* _Provided entries_:
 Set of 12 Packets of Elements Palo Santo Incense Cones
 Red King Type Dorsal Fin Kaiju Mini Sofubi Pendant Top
...
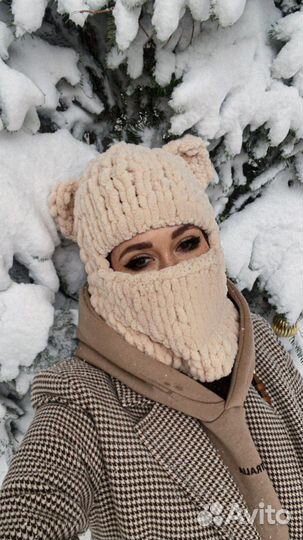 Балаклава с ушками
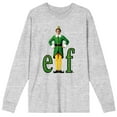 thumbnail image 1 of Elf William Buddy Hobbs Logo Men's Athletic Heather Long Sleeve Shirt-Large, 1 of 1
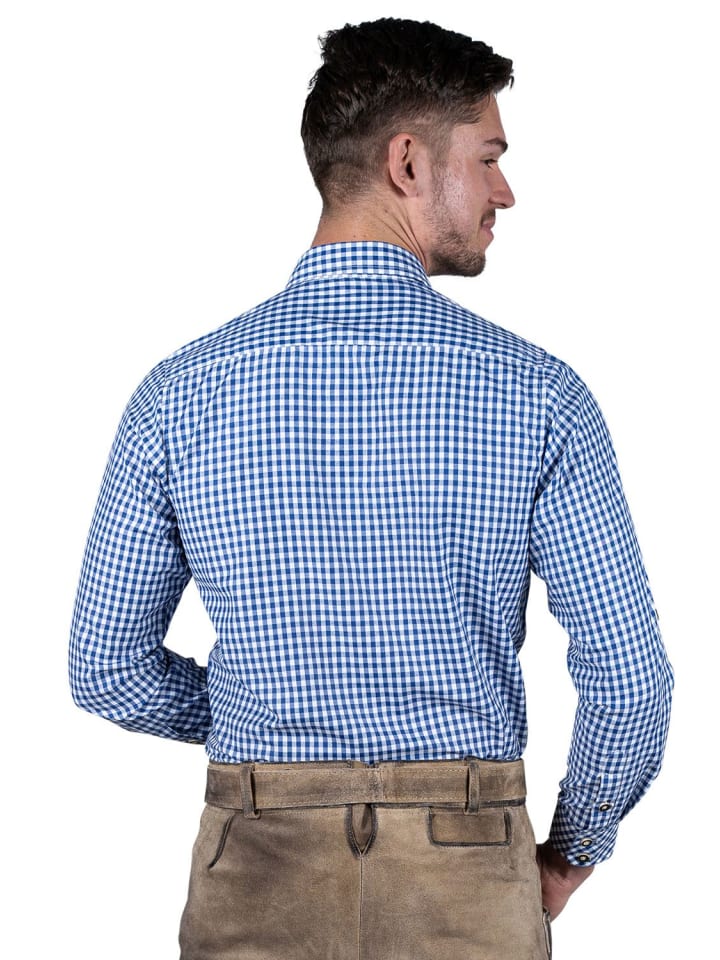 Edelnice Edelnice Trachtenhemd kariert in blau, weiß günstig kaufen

* _What to work on_:
Go to the line with "Set of 12 Packets" in the entries above and repeat every line from there through the line with "Red King Type", exactly and with no other text.

* _Reply_:
 Set of 12 Packets of Elements Palo Santo Incense Cones
 Red King Type Dorsal Fin Kaiju Mini Sofubi Pendant Top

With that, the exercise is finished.